I’m certainly no souffle expert–I’ve only made a chocolate souffle once or twice–but taking part in the souffle HHDD sounded like a good chance to try something new. I thought a bit about what kind of souffle to make, and my mind wandered to the humongous bag of stone-ground hominy grits in my freezer.
I’m from North Carolina, where grits are on the menu at every brunch place, on the dinner menu at many a fine restaurant, and the supermarket has at least four or five kinds to choose from. Out here in California, I can only find “instant” grits, whose resemblance to real grits, well, let’s just say it leaves something to be desired. Think Kraft orange powder and noodles versus a creamy bechemel based mac & cheese.

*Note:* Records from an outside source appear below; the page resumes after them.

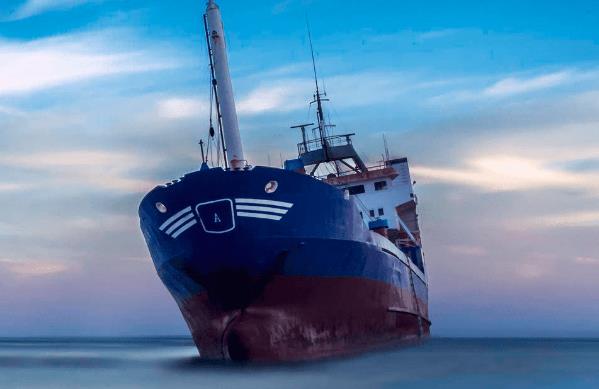 青岛国际海运业务在不断发展壮大，成为国际贸易的重要纽带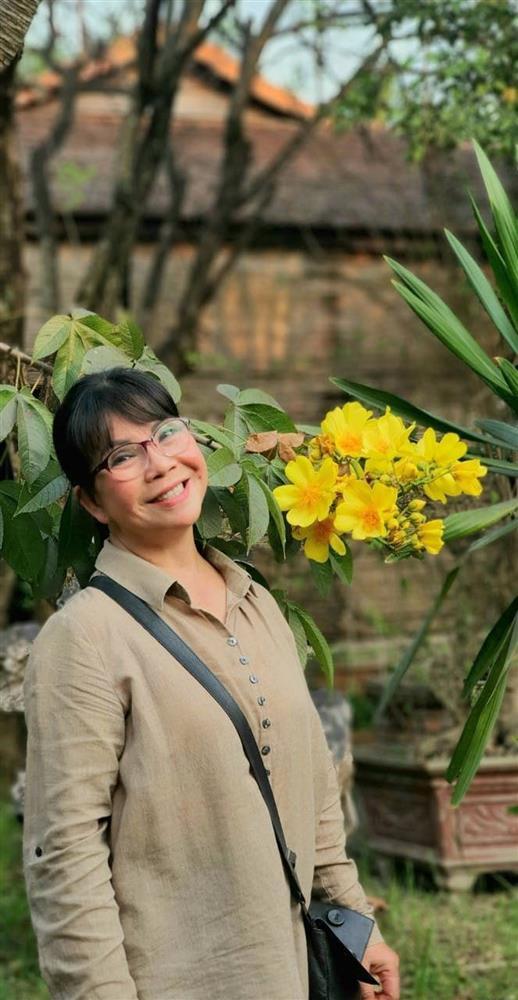 Ca sĩ Ánh Tuyết: Bỏ showbiz ở ẩn, tuổi già bệnh tật nhưng giàu có-10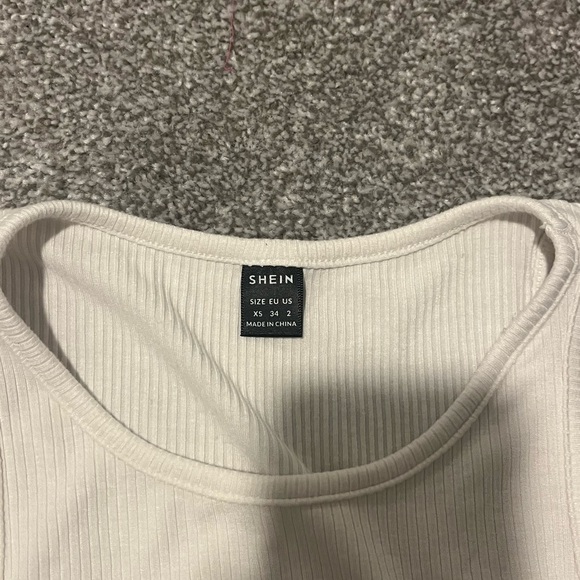 Tank Top Bundle - Picture 2 of 7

But thanks to the internets, this is not a problem. My mother found a great mill that ships their grits anywhere. In the spirit of getting a good deal, my mom ordered a 25 pound bag for my sister, me, and her to share. Let me tell you, twenty five pounds is a lot of grits. When it arrived, the jokes were flying left and right, and my mother said she felt like she finally had that first grandchild. The bag really was about the size of a toddler, minus the limbs. This was a serious bag of grits. I think I only have to make grits souffles 57 more times to use up my share…
I did a bit of googling for grits souffle recipes to get an impression of the basic proportions. For my souffle, I decided to add some green onions, as well as sweet frozen corn and red bell pepper, and of course a good helping of cheese. The grits lend texture and body to the souffle, and the veggies give a nice flavor and texture contrast. The salty cheese with the sweet corn and pepper was a great combination. I’m quite pleased with how they turned out. Who knew that you could make up your own souffle recipe and have it not only fluff up nicely but also taste good? You should try it, it’s fun! Seriously!

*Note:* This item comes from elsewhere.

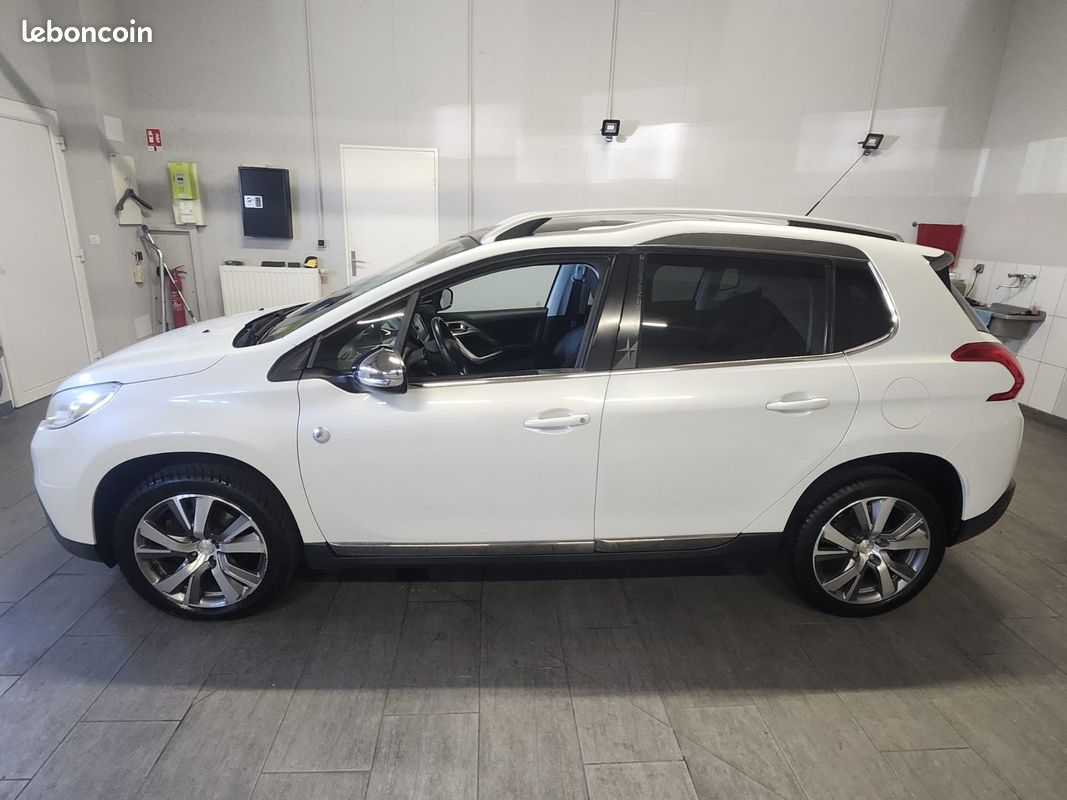 Peugeot 2008 1.6 HDI 120 BV6 - Crossway (image 4)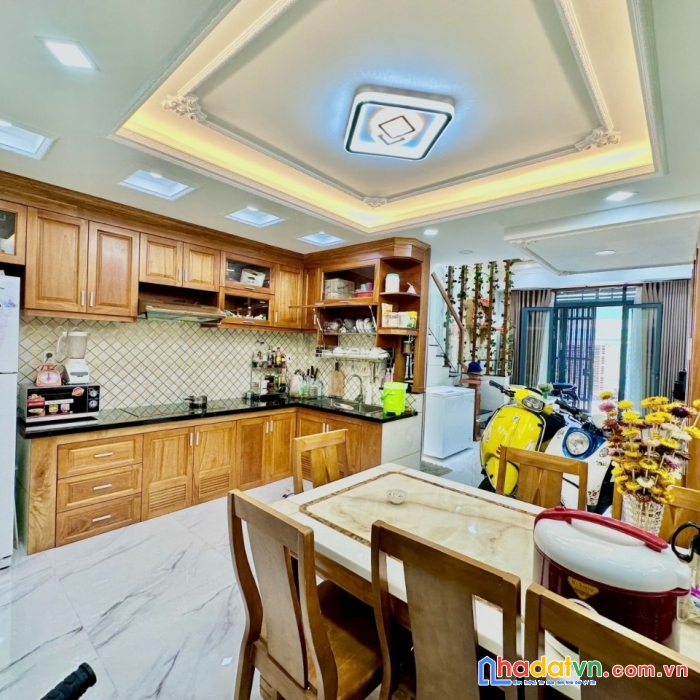Ngộp bán nhà hxh đường hòa bình - 54m2 - 5 tầng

Made in individual ramekins, these little souffles make an sophisticated first course or side dish, heck, they’d even make a great breakfast or brunch. They are a great choice for a dinner party as they are inexpensive yet impressive! We ate them as the main dish with just a green salad on the side. By the way, if your timing is less than perfect and the souffles are done early, don’t worry. An elegant way to serve fallen individual souffles is to invert them onto individual plates and sprinkle with something to garnish, in this case, green onions do the job nicely.

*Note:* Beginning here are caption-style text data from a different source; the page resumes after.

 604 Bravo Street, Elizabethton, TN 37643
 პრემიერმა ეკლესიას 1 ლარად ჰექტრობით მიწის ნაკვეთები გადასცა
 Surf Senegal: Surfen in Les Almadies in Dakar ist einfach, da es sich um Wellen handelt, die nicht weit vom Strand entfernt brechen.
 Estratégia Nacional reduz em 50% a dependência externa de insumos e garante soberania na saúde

Cheesy Grits Souffles with Corn, Red Pepper, and Green Onions
3/4 cup stone-ground grits (not instant or quick cooking)
2 cups water
1 cup whole milk
1/2 tsp salt
1/2 tsp freshly ground black pepper
4 egg yolks, lightly beaten
1 1/4 cup grated sharp cheddar cheese
1/4 tsp cayenne pepper
3 tbs butter, divided
1 cup frozen corn
1 red bell pepper, cut to small dice
6 green onions, sliced, green and white parts separated
6 egg whites
Preheat oven to 400 degrees. Grease 8 one cup or 6 one and a half cup ramekins, or a 2 quart souffle dish (I used vegetable oil spray, because I’m lazy, but butter would be better).
Combine water with milk, salt, and pepper, and bring to boil in a medium saucepan. Whisk in grits, return to boil, and reduce heat to medium-low or low. Cook until grits are done, stirring regularly and adjusting heat to avoid scorching but maintain a few thick bubbles bursting from time to time. This should take about 30 minutes, depending on your grits. Whisk a spoonful or two of hot grits into the egg yolks to temper, then whisk yolks back into the grits. Stir in 2 tbs butter, the cheese, and cayenne, and allow to cool for 10 minutes, stirring regularly to avoid a skin forming. Now stir in most of the green parts of the green onions (save some for garnish).
Meanwhile, heat remaining 1 tbs butter in a saute pan over medium-high heat. Add the corn and whites of the green onions. Cook, stirring every once in a while, until the corn is softened and even beginning to brown in spots, about 5 minutes. Add the red pepper and a generous pinch of salt and cook until it is softened as well, about 3 minutes more. Stir the vegetables into the grits.
Whisk the egg whites with a pinch of salt or cream of tartar until they hold soft peaks. Gently incorporate 1/3 of the whites into the grits mixture, to lighten. Fold in remaining whites.
Transfer to prepared ramekins or souffle dish and bake for 20 minutes (ramekins) or 45 minutes (large dish), until puffed and golden. Do not open the oven door during the first 3/4 of the cooking time, or you risk making the souffles fall! To check for doneness, gently insert a skewer into the center. If it is very wet, cook for 5 minutes more. If it is just moist, the souffles are done. The center of the souffles should be just set.
Serve immediately for the most fluff factor. If your timing isn’t exactly right, don’t worry, just invert the souffles onto serving plates and garnish with some green onions. They’re cute this way too, and taste just as good!
Serves 8 as a side dish, or 4-6 as a main course.